Exercise – The task calls for an exact retyping of the lines from the one holding "2 carat white" through the end of the listing, with pictures omitted and nothing added.

Record extracts –
= = =

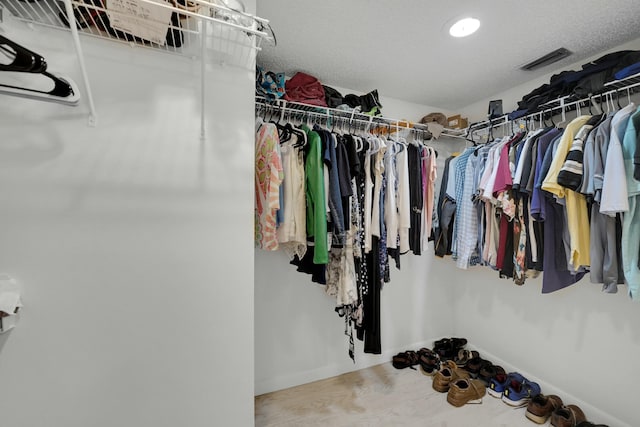 spacious closet featuring hardwood / wood-style floors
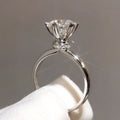 2 carat white natural moissanite gemstone ring in S925 sterling silver for women, featuring elegant design and sparkle.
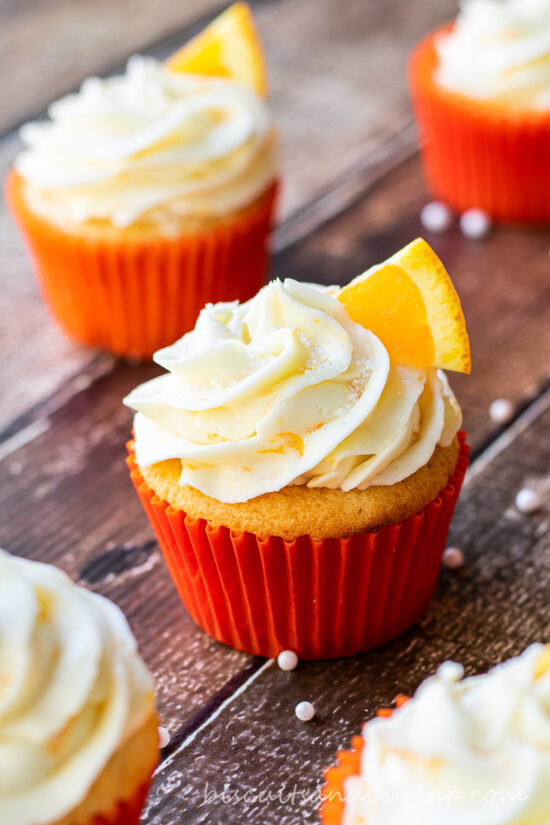 orange cupcakes on board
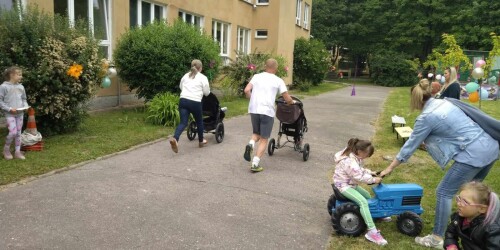 wyścigi - rodzic i nauczyciel biegną z dziećmi w wózkach biegowych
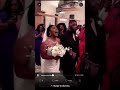 Bride walks down the aisle while singing to groom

= = =

Task answer –
 2 carat white natural moissanite gemstone ring in S925 sterling silver for women, featuring elegant design and sparkle.
 orange cupcakes on board
 wyścigi - rodzic i nauczyciel biegną z dziećmi w wózkach biegowych
 Bride walks down the aisle while singing to groom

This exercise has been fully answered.